A engrenagem era essa: o clube é do povo; o povo “ia” ao clube; deixava bem claro para o time a importância do clube; e após assegurar-se de que tinham ali uma equipe completamente comprometida com a entidade, iam junto com os caras até o inferno.

Após o episódio das bambuzadas no busão, a corja do Roberto Carlos foi embora, ficou quem realmente tava fechado com os caras e o resultado veio com um título Brasileiro, a tão sonhada Libertadores da América e um Mundial de Clubes.

Quando voltou a agir como Corinthians, voltou a ganhar. 

Numa conta simples de 2+2.

Acontece que, após conquistar o planeta e passar a olhar o mundo de cima, todo mundo (eu disse TODO MUNDO) que faz parte deste processo esqueceu das funções básicas que fazem essa máquina girar.

A direção se viu no direito de transformar o Corinthians em “marca premium”.

"Harlem Sheik". É...
Os jogadores (e treinador também) se viram na condição de não mais aceitar cobranças.

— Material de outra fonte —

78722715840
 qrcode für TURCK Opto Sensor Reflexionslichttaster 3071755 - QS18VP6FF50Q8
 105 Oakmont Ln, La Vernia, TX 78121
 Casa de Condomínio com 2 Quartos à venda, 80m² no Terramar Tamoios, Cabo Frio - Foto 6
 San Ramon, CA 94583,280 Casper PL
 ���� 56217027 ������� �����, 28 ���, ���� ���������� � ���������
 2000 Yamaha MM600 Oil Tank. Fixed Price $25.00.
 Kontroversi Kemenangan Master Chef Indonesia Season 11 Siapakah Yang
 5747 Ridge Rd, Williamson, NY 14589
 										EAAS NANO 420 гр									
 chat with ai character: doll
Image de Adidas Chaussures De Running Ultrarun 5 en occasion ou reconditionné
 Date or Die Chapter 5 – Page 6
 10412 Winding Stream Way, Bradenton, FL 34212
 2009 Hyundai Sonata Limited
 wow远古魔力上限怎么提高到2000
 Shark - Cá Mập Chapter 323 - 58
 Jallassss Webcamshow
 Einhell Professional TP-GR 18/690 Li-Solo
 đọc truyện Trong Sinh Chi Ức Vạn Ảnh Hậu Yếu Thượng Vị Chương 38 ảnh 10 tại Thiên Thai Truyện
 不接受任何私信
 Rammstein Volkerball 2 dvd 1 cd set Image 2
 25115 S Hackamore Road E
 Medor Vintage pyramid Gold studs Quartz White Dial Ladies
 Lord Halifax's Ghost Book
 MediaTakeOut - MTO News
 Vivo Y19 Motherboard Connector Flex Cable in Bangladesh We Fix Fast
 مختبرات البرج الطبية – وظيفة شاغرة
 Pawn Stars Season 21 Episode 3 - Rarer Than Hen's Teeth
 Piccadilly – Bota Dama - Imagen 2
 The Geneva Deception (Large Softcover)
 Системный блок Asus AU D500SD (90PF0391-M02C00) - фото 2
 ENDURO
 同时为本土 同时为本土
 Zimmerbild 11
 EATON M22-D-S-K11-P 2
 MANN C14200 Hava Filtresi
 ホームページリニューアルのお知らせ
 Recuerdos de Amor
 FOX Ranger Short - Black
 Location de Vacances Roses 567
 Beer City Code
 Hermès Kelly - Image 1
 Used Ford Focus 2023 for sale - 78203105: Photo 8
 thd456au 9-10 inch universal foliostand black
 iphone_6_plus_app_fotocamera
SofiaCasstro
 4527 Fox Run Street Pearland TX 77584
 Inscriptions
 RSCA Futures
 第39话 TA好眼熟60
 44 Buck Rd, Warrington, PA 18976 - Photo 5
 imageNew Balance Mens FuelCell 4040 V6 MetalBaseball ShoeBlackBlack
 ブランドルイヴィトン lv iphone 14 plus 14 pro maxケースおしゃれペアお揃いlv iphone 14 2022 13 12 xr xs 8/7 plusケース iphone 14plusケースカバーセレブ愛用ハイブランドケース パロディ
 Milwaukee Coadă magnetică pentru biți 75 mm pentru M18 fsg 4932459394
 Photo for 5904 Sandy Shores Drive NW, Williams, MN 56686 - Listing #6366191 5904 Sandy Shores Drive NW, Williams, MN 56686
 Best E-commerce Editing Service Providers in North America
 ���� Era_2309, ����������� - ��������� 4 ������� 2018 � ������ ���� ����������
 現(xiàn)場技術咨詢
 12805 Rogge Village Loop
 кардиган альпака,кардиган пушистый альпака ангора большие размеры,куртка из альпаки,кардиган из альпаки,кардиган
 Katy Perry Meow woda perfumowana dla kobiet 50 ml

E a torcida ainda se divide graças aos muitos que não acham certo apertar “quem venceu tanto pelo clube no passado”.

Foi a nova postura da direção que fez com chegasse uma estrela internacional totalmente descompromissada (talvez até por ignorância mesmo) com tudo o que o clube envolve.

Foi a nova postura do grupo que possibilitou que este jogador se sentisse à vontade para se colocar na condição de intocável adquirida pelos campeões do mundo.

Foi a nova postura da torcida que deu a este jogador a “confiança” para tratar a principal bola do principal campeonato disputado pelo Corinthians no segundo semestre, coma displicência e irresponsabilidade de quem está batendo um pênalti num Amigos do Ronaldo x Amigos do Zidane.

E assim tudo o que fez do Corinthians um clube tradicional até hoje foi sendo deixado de lado num ano cheio de prejuízos.

Como podem ver, o pênalti que Pato desperdiçou ontem à noite é só a ponta de tudo o que já vinha sendo desconstruído a meses.

Apenas explicitou que a coisa tá totalmente “acoxambrada” e que eles não estão lá muito preocupados com isso, já que sabem que a Fiel “nunca vai lhes abandonar”.

Agora que a vaca de 2013 foi pro brejo, todos os envolvidos têm direito a livre escolha.

Podem seguir buscando a “Chelsealização” da instituição Corinthians e fazer do clube uma grande caixa registradora que só faz girar dinheiro vindo de marketing, TV, contratações.

Ou podem voltar às suas raízes, tudo aquilo que fez dele o que é, se reencontrar e buscar um 2014 melhorzinho, né?

Continuar com as coisas do jeito que estão pode passar a impactar gravemente a identidade do clube.

E aí o Corinthians pode perder coisas muito maiores que um pênalti de cavadinha.